Éditions Édouard Garand (p. 34-35).

VIII


Aramèle et Étienne étaient rentrés au logis un peu après le crépuscule.

Ils s’étonnèrent de ne pas apercevoir Thérèse, de ne pas être accueillis par son sourire.

La femme du voisinage, qui venait préparer les repas, expliqua qu’elle avait vu la jeune fille partir vers deux heures avec une jeune femme très élégante.

Aramèle devina que cette jeune femme élégante était Mrs Whittle, et il savait que Thérèse devait s’absenter un de ces jours pour accompagner la jeune femme chez une couturière de la haute-ville. L’événement n’était pas inattendu, mais il était surprenant que la jeune fille ne fût pas de retour.

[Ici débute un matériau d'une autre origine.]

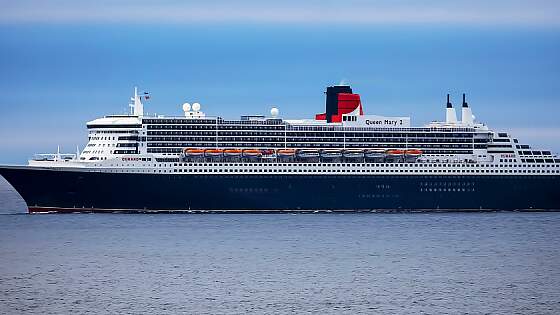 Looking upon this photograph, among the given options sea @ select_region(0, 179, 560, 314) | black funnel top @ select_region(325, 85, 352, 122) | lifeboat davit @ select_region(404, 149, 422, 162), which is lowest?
sea @ select_region(0, 179, 560, 314)

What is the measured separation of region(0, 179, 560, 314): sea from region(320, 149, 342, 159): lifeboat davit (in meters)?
4.23

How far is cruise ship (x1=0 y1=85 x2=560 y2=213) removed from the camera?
82.4 meters

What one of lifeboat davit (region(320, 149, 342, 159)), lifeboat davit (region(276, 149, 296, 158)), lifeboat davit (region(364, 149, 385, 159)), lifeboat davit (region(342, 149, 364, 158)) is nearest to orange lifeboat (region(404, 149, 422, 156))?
lifeboat davit (region(364, 149, 385, 159))

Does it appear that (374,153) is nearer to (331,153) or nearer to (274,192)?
(331,153)

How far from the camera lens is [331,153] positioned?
86375 mm

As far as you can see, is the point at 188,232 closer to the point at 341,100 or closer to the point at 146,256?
the point at 146,256

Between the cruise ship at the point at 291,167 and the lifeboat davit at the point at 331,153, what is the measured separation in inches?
3.2

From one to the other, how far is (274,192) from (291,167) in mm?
2062

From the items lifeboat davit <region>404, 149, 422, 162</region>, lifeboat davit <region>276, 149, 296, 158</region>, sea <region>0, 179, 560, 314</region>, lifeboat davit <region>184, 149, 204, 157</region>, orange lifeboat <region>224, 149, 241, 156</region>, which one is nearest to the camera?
sea <region>0, 179, 560, 314</region>

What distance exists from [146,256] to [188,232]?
11821 mm

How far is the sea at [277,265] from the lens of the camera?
47438mm

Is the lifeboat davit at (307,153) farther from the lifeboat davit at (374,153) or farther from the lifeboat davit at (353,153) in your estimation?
the lifeboat davit at (374,153)

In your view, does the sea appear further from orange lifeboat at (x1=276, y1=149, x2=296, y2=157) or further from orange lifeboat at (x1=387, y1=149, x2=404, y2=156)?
orange lifeboat at (x1=387, y1=149, x2=404, y2=156)

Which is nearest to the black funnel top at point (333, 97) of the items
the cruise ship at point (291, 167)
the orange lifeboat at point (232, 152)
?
the cruise ship at point (291, 167) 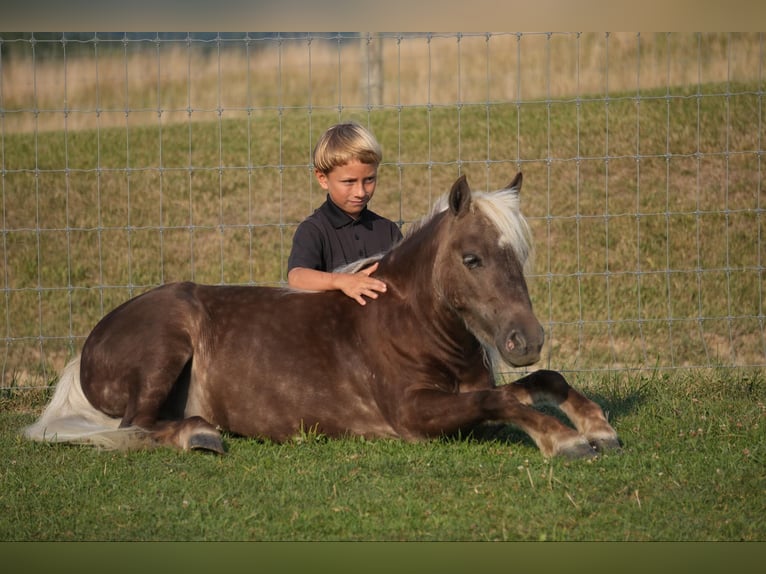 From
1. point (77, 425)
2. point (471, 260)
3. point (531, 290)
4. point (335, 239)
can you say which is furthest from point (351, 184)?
point (531, 290)

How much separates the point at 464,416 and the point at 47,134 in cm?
1240

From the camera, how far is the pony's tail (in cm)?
589

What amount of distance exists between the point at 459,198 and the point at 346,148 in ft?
3.92

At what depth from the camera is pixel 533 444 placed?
19.2 feet

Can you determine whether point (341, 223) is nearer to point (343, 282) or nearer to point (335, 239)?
point (335, 239)

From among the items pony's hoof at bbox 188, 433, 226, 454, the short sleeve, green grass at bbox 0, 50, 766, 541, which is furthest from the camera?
the short sleeve

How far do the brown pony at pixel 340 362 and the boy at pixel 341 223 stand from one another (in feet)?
0.47

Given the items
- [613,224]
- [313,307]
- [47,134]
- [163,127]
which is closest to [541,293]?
[613,224]

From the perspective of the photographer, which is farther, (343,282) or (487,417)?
(343,282)

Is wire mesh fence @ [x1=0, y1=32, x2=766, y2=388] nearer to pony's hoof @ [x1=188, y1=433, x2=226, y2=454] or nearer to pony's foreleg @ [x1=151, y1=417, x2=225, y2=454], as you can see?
pony's foreleg @ [x1=151, y1=417, x2=225, y2=454]

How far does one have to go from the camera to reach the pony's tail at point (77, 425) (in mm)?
5891

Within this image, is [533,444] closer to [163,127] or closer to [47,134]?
[163,127]

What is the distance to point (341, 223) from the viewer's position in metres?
6.72

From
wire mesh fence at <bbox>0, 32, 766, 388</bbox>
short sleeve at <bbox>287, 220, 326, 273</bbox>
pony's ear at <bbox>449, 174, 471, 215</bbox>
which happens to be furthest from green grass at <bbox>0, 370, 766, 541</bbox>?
wire mesh fence at <bbox>0, 32, 766, 388</bbox> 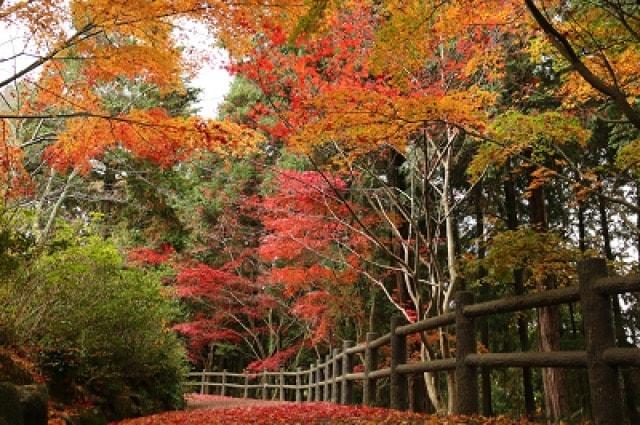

Une vive inquiétude l’envahit.

Ce soir-là, le dîner fut silencieux et sombre.

Le capitaine songeait. Son front se plissait durement. Il avait l’air de manger sur le bout des lèvres, et il ne buvait pas son vin avec cette béatitude des jours ordinaires.

Étienne, pas moins inquiet qu’Aramèle, n’osait pas interrompre et déranger les méditations de son compagnon de table. Il attendait que le capitaine parlât pour exprimer les pensées qui le troublaient.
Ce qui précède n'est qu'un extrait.